Increase in genetic gain achieved when using genomic selection (IBD-GS) relative to classical pedigree-based selection (PED) for a binary trait with an underlying heritability of 0.60. Presented by incidence of the desired category (10 to 90%) and genotyping strategy (FG = full genotyping, TBG = top-bottom genotyping, MCG = minor-category genotyping).

The differences between the three genotyping strategies were small in terms of genetic gain, but strategy FG was, as expected, slightly superior (0 to 6%) to TBG and MCG (Figures 1, 2 and 3). Albeit small, differences in genetic gains between FG and the other genotyping methods were highly significant (P < 1.0e-10) at moderate (20 to 50%) incidences, but not necessarily so at higher (5.0e-3 ≤ P ≤ 0.43) or lower (2.8e-11 ≤ P ≤ 0.11) incidences. Both TBG and MCG focus genotyping towards animals with the minor category phenotype within each family, and these animals are likely the most informative in prediction of Mendelian deviations from the family mean.

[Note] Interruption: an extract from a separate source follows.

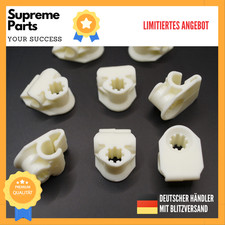 6x Bremsleitung Halter Clip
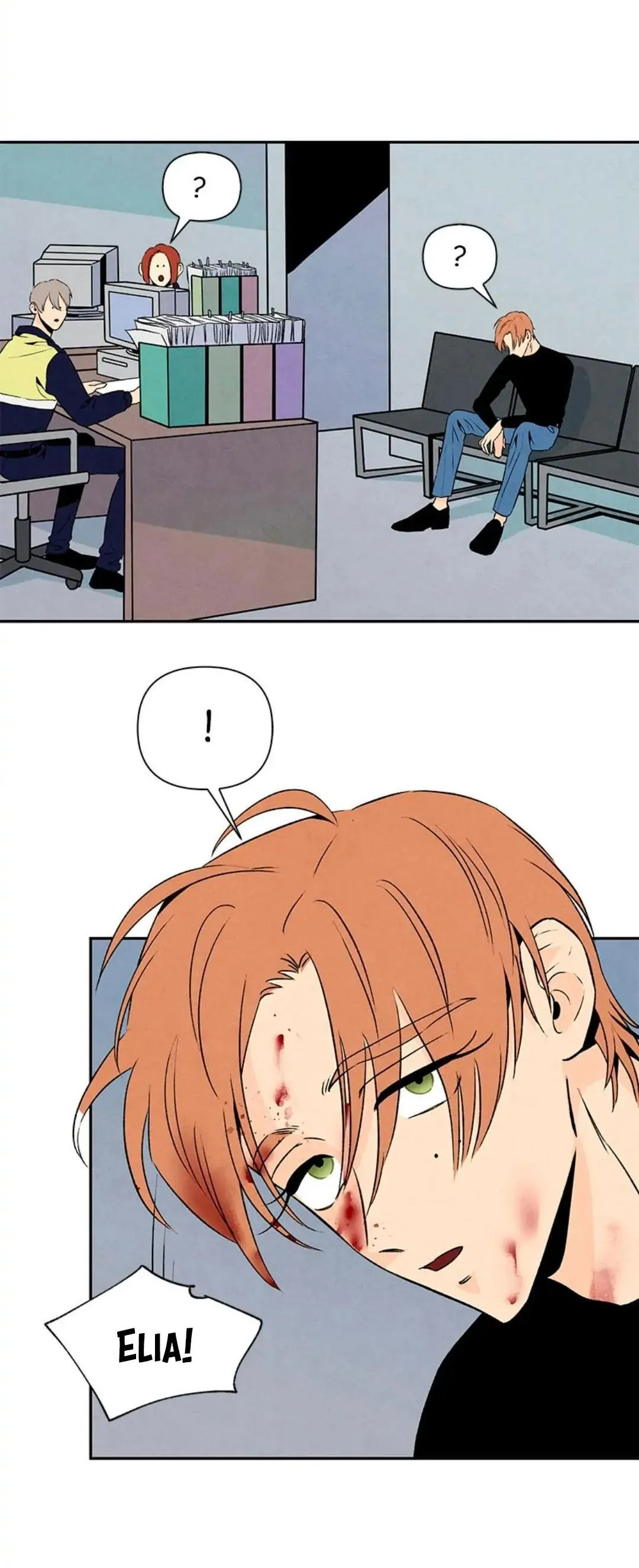 Bona Sort (END) Chapter 30 Trang 23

For normally distributed traits, Ødegård & Meuwissen [1] found that genetic predictions (regression of true on predicted breeding values) were slightly biased with selective genotyping. In this work, we also detected some bias, but its magnitude was similar in the pedigree-based and IBD-GS models with different genotyping strategies. Average regression coefficients of true breeding values on EBV were 0.82, 1.07 and 1.21 for underlying heritabilities of 0.1, 0.3 and 0.6, respectively. Hence, predicted EBV appear inflated at low heritabilities and deflated at high heritabilities.